Frances Elmore, one of the first women hired at the Ford plant back in the late 1970s, said she plans to take a $35,000 buyout package, retire and go to work part time in her daughter’s law firm. “It’s the best thing that ever happened to me,” Elmore said.
Her co-worker, Willie McDonald, expects to take an even larger cash buyout, and the former Marine already has his sights on a new job with the Veterans Affairs Department after the plant closes this year. “I’m one of the fortunate few. I’ve never been without a job in my life,” he said.

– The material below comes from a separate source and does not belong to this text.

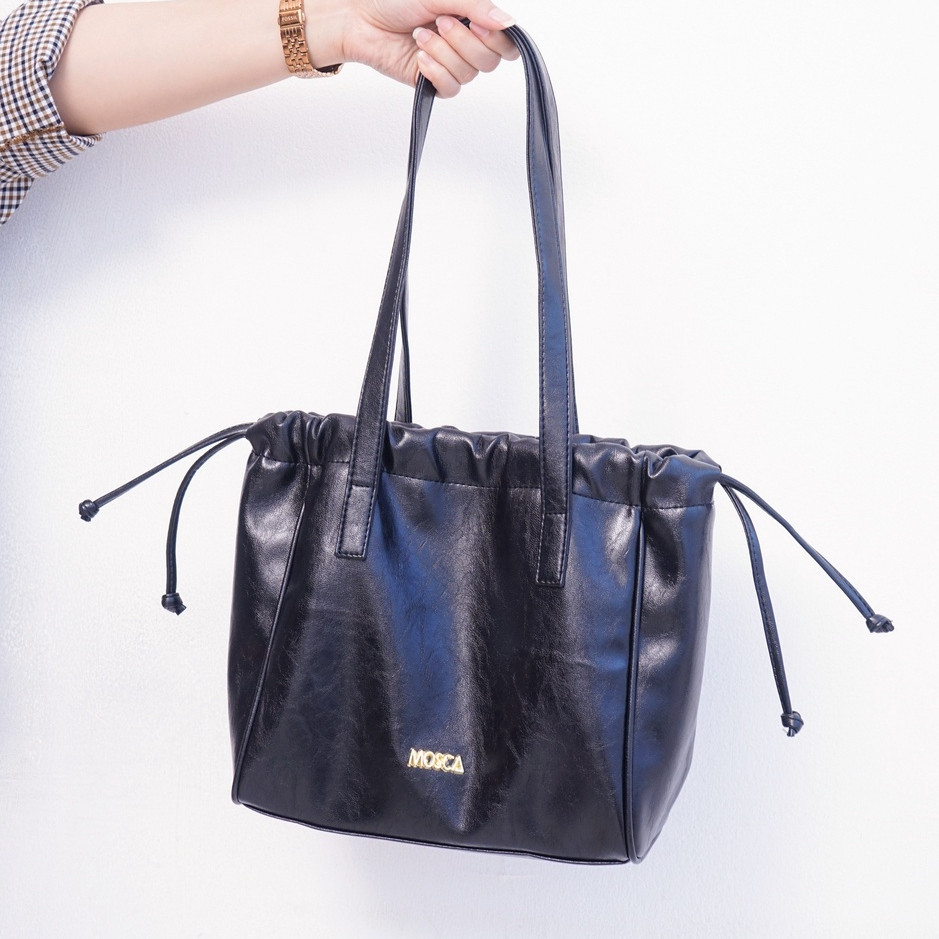 [BEST DEAL] Totebag Wanita Tas Serut Wanita (Claudia bag by Mosca)
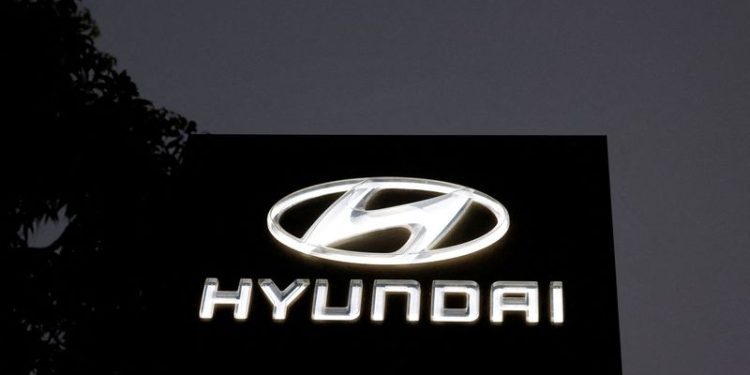 Hyundai Motor India set to price shares at top of range to raise $3.3 billion, sources say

To reach UAW Local 10, which represents the GM minivan plant, you can take Buford Highway north. Along the way, there are sprawling apartment communities, rows of shopping centers and plazas, retail superstores such as Burlington Coat Factory. Scattered in the mix are the occasional mercado and taqueria.
The Local 10 union hall is tucked off the highway, with its “Buy America” signs barely visible from the road. In the union hall, Debbie Goddard is counting down her years with General Motors – by the hour.
She has more than 29 years and estimates that she has 300 hours to go before the 30-year retirement threshold. Goddard is worried about GM’s recent troubles. “It could crash every dream I had for 30 years,” she said. “I was looking forward to a long, healthy retirement with benefits.”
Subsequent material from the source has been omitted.